The game ended very close with 31 to 29 points…

I forgot to take pics this time… my bad.

So here's the details. Beware: verbose.

In any case, each player’s starting deck has 12 mission cards. Each player has 6 mission tokens. There are different types of missions (spaceships, satellites, asteroid mining, space hotels …) and 3 different destinations to got to (Earth Orbit, Moon & Mars). Many missions allow to choose the destination.

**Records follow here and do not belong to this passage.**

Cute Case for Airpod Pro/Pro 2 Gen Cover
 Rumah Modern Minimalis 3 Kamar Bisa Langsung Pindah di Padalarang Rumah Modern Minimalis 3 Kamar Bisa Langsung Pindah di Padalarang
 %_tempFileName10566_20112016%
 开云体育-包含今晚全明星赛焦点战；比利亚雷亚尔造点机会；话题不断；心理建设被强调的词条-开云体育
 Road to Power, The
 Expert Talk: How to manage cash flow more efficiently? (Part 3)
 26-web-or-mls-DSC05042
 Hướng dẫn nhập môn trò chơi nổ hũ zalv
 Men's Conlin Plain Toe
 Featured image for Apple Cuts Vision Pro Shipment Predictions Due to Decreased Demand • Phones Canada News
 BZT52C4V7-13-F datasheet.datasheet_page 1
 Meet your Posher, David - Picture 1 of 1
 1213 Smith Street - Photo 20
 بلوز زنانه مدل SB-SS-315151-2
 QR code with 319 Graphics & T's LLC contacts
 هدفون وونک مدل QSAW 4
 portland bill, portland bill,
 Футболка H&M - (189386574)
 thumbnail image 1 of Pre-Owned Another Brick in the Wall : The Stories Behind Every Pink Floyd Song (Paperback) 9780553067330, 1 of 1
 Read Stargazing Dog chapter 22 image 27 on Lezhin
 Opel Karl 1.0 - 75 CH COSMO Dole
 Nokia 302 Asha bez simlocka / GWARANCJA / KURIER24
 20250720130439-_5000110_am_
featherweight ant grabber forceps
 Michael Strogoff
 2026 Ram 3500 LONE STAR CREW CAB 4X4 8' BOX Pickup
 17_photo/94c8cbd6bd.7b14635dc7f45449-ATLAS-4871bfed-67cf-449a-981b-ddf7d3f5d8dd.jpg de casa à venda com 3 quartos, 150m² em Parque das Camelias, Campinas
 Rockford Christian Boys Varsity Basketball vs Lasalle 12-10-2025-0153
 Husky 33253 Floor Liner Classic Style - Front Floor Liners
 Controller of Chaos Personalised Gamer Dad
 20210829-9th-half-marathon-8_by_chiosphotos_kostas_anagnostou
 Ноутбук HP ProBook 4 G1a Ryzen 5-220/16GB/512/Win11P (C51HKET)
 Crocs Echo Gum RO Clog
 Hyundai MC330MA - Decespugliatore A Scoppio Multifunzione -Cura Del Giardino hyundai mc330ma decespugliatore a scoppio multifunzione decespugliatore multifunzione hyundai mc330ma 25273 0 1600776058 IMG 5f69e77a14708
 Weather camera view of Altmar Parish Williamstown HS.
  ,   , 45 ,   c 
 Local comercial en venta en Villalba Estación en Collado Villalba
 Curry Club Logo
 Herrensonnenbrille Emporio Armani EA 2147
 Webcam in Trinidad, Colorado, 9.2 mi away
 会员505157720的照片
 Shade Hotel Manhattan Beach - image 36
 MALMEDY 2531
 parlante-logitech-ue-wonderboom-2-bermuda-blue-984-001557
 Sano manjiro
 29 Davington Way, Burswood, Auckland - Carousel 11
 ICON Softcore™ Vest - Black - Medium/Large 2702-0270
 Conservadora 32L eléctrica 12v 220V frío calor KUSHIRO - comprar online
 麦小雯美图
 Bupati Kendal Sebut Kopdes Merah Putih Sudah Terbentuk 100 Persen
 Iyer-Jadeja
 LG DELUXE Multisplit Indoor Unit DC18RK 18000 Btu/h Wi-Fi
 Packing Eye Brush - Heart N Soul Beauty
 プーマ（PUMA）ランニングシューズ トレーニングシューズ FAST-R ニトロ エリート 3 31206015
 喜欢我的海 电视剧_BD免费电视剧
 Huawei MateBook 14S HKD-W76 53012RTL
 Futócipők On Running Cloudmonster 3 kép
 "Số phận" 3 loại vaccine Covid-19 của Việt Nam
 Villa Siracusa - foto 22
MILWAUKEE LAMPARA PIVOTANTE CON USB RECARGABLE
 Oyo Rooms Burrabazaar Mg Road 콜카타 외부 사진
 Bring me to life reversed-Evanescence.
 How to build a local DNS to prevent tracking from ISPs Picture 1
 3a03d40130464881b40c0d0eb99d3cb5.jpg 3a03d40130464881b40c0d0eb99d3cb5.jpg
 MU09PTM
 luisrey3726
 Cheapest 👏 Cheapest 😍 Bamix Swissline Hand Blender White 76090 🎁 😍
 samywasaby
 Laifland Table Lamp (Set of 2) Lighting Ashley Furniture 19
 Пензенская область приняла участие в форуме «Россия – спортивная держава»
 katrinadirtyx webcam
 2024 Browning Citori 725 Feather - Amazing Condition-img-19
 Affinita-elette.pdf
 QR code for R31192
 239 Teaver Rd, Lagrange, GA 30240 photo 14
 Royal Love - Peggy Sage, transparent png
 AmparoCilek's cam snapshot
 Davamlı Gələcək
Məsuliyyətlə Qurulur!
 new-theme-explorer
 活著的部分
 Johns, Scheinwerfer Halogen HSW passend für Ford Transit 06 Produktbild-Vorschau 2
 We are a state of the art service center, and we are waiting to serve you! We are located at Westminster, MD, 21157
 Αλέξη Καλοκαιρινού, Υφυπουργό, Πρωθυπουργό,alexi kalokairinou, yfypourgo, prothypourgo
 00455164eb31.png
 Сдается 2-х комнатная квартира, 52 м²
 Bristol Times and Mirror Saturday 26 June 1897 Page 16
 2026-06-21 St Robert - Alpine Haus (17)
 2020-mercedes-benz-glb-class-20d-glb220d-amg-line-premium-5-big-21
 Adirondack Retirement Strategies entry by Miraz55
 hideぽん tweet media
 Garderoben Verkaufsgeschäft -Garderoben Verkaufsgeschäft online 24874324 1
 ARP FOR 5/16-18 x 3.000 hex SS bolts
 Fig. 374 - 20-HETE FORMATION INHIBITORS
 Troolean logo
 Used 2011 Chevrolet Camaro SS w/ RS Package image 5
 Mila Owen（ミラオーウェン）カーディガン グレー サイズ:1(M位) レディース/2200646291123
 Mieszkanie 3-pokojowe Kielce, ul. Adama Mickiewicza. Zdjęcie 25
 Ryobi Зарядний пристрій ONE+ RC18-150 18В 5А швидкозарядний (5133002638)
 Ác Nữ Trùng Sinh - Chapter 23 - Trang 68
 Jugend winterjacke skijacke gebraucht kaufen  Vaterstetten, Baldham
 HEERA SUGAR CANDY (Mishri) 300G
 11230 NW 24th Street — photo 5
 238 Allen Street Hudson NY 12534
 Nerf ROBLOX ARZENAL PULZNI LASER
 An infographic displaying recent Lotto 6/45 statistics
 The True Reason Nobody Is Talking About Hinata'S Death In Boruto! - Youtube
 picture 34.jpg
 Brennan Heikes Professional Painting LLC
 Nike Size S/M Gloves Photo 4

There is a mostly random market of 6 cards. The draw deck for the market is constructed per player in the game and it’s very tight–as noted above we ran out of stuff to buy. There are two “eras” of tech one can buy and in between the tech cards are disaster cards like climate change that give VP to whoever “solves” each disaster (by buying it or using associated cards like Solar Panels solve Climate Change) but the disaster cards are just dead weight in the deck (see VP in Dominion).

Each card you play can provide either rocket engines, 1 of three asset symbols (or a joker) or money. Some provide both money and a symbol, a few cards provide nothing… many cards have special effects that either help with buying cards, discarding or drawing cards, during a mission. You can buy as many cards as you have money and assets (cards can cost assets, too). Engine cards are separate from the market, one can only buy 1 engine per round.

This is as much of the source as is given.